Celle-ci la contourna et Bedelia la suivit du regard, les yeux fixés sur la silhouette disparue pendant si longtemps et puis réapparue, sortie de nulle part, au milieu de leur entrée. L’Aes Sedai ne disait rien, rongeant son frein et suivant de près la Sharp Eye qui la contournait et puis avançait vers le salon. Aran s’expliquait et la brune écoutait impatiemment. Heureusement, Aran la connaissait maintenant depuis assez longtemps pour ne pas lui faire perdre davantage son temps. Elle ignora son petit rappel sur les serments et se retint de lever les yeux au ciel une nouvelle fois pour accueillir les explications, non pas avec scepticisme mais avec une colère renouvelée. La trop confiante, désinvolte Sharp Eye s’était faite avoir. Bedelia se mordit la langue pour ne pas sauter sur l’occasion, accueillit le verre qu’elle ne voulait pas et observait lourdement son interlocutrice.
Bedelia soupira à la petite pique finale. Elle prit un certain temps pour contempler la petite tirade, observait toujours Aran. Elle réfléchissait à la meilleure manière de prendre les choses – mais sa nature emportée, son inquiétude, prenaient déjà le pas sur la suite. Bedelia fit un effort visible pour se contenir et déposa le verre sur la première surface à sa portée, refusant de boire.
« Don’t lecture me. And don’t act like this, like this is next to nothing, with your superstar and that drink I do not want. Do you really want to compare hours spent to send them to sleep since then? » L’Aes Sedai parlait sur un ton amer, se rappelait non sans mal les attentes de ses nièces et de sa propre fille. Après tout, comment leur expliquer quelque chose qui lui échappait ? Comment calmer le chagrin des jeunes filles ? Bedelia savait pertinemment qu’elle cachait sa propre peine, puisqu’il fallait y mettre des mots, derrière les trois enfants. Mais Aran était devenue partie intégrante de sa vie, aussi pénible fût-elle. Et ses efforts vains pour la retrouver l’avaient laissé coupable et résignée. « You don’t get to define how angry I am. Because yes, maybe you made a rookie mistake – it happens. Believe me, I know. What is making me mad, the most, it that you left nothing behind you to make my job easier – to find you. Idiot. »

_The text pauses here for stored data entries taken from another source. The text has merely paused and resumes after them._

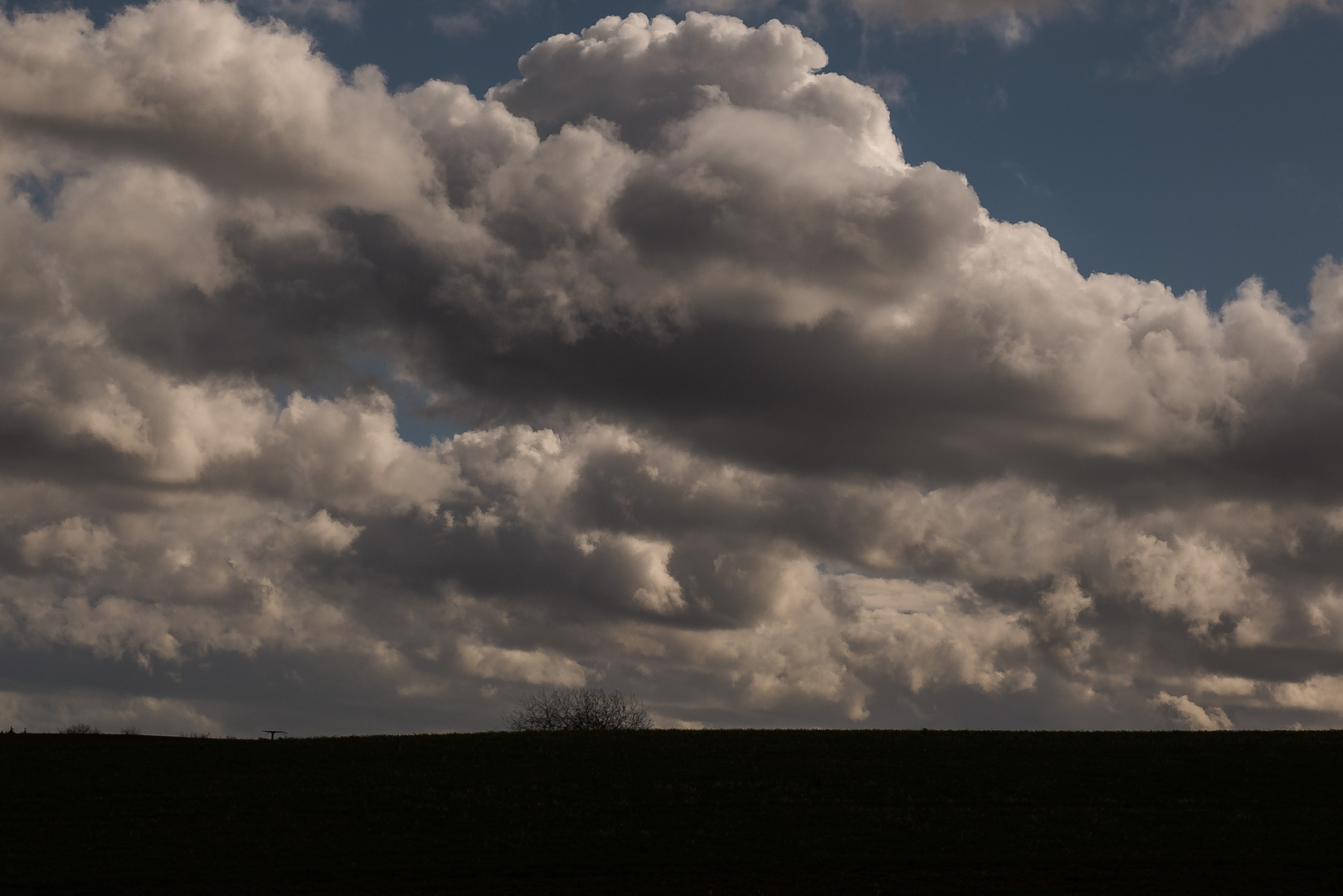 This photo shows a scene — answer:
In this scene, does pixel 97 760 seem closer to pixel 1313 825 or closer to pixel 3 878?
pixel 3 878

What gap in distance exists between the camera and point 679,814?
4709cm

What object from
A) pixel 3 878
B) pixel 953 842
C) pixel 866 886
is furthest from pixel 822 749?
pixel 3 878

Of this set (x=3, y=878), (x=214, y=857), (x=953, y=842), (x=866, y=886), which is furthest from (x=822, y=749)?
(x=3, y=878)

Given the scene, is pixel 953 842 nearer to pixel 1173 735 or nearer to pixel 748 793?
pixel 748 793

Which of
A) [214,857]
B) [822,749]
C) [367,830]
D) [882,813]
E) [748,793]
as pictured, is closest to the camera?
[214,857]

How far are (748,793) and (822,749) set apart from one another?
525 inches

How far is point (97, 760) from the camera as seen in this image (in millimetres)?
59219

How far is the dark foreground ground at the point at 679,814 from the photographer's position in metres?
37.5

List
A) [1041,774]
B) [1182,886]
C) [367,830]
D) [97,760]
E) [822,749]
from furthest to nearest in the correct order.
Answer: [822,749] < [97,760] < [1041,774] < [367,830] < [1182,886]

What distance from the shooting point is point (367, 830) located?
144 ft

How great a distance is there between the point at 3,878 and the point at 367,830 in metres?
11.6

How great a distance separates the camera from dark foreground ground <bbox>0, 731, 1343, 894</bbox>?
37.5m

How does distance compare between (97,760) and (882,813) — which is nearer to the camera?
(882,813)

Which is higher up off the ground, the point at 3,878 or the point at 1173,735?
the point at 1173,735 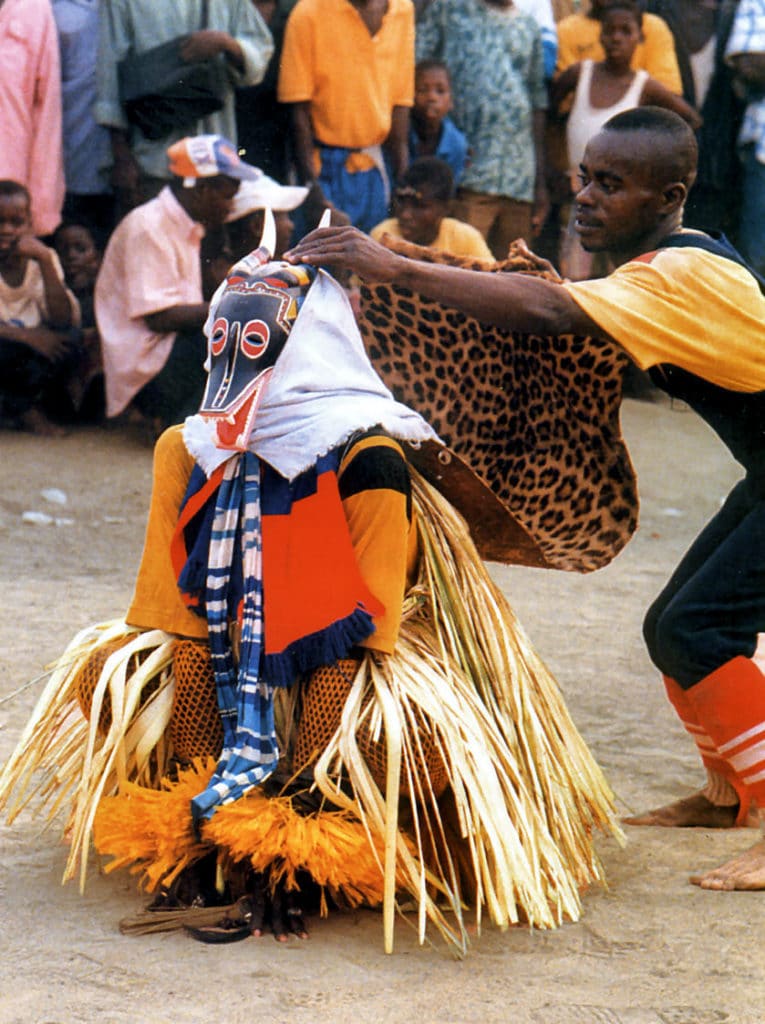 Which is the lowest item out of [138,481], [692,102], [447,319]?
[138,481]

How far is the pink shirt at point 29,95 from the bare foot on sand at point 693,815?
4.59 m

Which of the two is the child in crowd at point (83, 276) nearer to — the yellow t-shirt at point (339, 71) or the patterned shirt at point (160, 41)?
the patterned shirt at point (160, 41)

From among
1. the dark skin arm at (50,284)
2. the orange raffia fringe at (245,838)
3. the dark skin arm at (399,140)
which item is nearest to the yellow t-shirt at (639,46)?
the dark skin arm at (399,140)

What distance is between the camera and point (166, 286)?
7.00 meters

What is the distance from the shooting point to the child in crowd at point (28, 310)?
6.98 meters

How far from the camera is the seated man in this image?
6715mm

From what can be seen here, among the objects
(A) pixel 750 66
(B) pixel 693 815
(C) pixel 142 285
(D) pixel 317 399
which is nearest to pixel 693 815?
(B) pixel 693 815

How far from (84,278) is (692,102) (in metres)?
3.42

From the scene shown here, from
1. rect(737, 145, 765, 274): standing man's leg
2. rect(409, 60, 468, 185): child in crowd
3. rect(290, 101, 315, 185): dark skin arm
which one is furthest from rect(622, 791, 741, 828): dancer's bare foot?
rect(737, 145, 765, 274): standing man's leg

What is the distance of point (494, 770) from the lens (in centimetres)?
305

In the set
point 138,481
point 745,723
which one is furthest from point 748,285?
point 138,481

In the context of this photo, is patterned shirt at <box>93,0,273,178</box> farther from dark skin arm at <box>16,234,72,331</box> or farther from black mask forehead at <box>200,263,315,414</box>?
black mask forehead at <box>200,263,315,414</box>

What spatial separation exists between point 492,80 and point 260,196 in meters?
1.65

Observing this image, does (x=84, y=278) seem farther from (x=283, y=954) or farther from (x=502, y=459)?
(x=283, y=954) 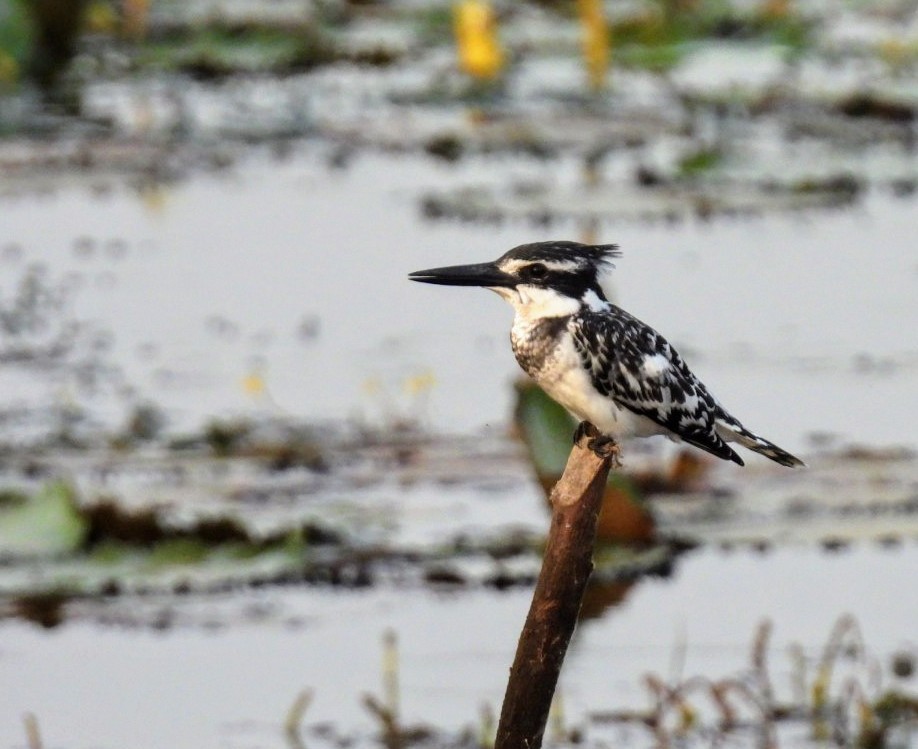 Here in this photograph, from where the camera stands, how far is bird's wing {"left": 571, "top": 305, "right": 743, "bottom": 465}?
14.4 ft

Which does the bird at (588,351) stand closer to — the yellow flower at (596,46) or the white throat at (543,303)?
→ the white throat at (543,303)

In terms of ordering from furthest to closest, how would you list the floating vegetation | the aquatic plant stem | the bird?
the floating vegetation, the bird, the aquatic plant stem

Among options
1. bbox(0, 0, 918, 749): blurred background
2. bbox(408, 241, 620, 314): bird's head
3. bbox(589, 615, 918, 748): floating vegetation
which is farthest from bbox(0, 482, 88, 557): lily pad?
bbox(408, 241, 620, 314): bird's head

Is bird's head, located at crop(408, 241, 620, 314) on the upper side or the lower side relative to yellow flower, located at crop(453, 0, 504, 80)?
lower

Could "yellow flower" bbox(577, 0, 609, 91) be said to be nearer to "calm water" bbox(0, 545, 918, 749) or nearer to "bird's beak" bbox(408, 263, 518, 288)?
"calm water" bbox(0, 545, 918, 749)

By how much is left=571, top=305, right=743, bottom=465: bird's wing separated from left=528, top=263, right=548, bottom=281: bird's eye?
11cm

Bedelia prit une inspiration, imposa le silence un instant. La secrète Aes Sedai détestait se laisser emporter par ses émotions qui pourtant étaient vibrantes, chaotiques, perceptibles sous sa peau comme un courant brûlant. Les Cortès étaient ainsi, en tout cas, les jumeaux. Réservés, pourtant accueillant, mais ne se livraient que rarement. Ce caractère hérité de leur mère ne rendait pas la tâche facile à l’agente en proie à une colère qu’elle ne voulait pas laisser s’échapper sans supervision. Dans un geste destiné à la calmer, elle passa une main dans ses cheveux pour les dégager de son visage. « I am going to rant, Aran. And you will listen. » prévint-elle avec le plus grand sérieux. Avant de démarrer après avoir fait un pas en avant pour se rapprocher de la Sharp Eye. Il n’était pas nécessaire pour elle d’élever la voix, elle se ferait entendre. « Don’t you think that I know you enough to know that you didn’t just “stick around for fun” ? » demanda-t-elle, rhétoriquement, non sans s’autoriser à imiter parfaitement l’accent caractéristique de sa belle-sœur. À peine son petit tour achevé, elle reprit : « Two weeks ? Yeah, average for a Sharp Eye. One month? Psch, easy I mean, for you? You digress. It’s ok. We know that. But months passed by. You can imagine then that precisely with that knowledge of you, I was forced to accept the worse. And yet, I still tried to find you. »
Sous la surface, Bedelia se sentait s’agiter. Elle s’agaçait, elle le savait, elle-même, de se montrer défaite. De manière inhabituellement implacable, Bedelia ne laissa pas la place à Aran pour se défendre tout de suite. Elle avait décidé de lui dire ce qu’elle pensait. Elle le ferait jusqu’au bout au risque d’enterrer le reste et de garder l’aigreur pour elle-même. Rancunière, Bedelia détestait quand ce défaut lui barrait la route avec sa famille. Pour manager les autres, elle avait appris à se connaître. C’était égoïste, mais pour son bien et celui de leur famille, l’Aes Sedai devait se confier. Que ça lui arrachât la bouche ou non.
« Things are fucked up, right now, Aran. And the island ¬ » Les serments lui coupèrent la parole et une vague de fureur lui traversa la peau. Dans un geste réflexe, Bedelia se vit frapper du poing la table — mais elle se retint de justesse et pinça les lèvres. Pour écarter ensuite ses doigts et placer délicatement sa main près de son verre. Il était hors de question que son humeur réveillât les enfants. Elle s’éclaircit la gorge et releva le regard pour le planter à nouveau dans celui d’Aran qui respectait le silence permettant à Bedelia d’anticiper ce qu’elle voulait articuler.
« I have seen. » et par cela, elle voulait dire qu’elle avait espionné. Et vu. Vu l’extérieur à la déroute, vu le monstre brûler et torturer. Elle en avait perdu sa place. « I know what could have happened to you. » Et imaginé Aran et puis le reste de sa famille périr dans ses cauchemars quand elle se laissait envahir par les horreurs de l’extérieur. Les nuits agitées lui arrivaient rarement, forcée de compartimenter. Bedelia s’était promis de s’arrêter quand elle ne pourrait plus. Elle soupira à nouveau. « So yeah. I think I can swear for once, and you have to accept that we’re not the same kind of angry. I am pissed at you, do you understand? You made me come home with nothing to offer to Dara. To disappoint your children, and your niece, by the way. Myself. And your idiotic partner. » Iris se prenait une balle perdue au passage pour une raison qui échappa à l’Aes Sedai, mais ça n’était pas bien grave. Elle ne lui en voudrait pas.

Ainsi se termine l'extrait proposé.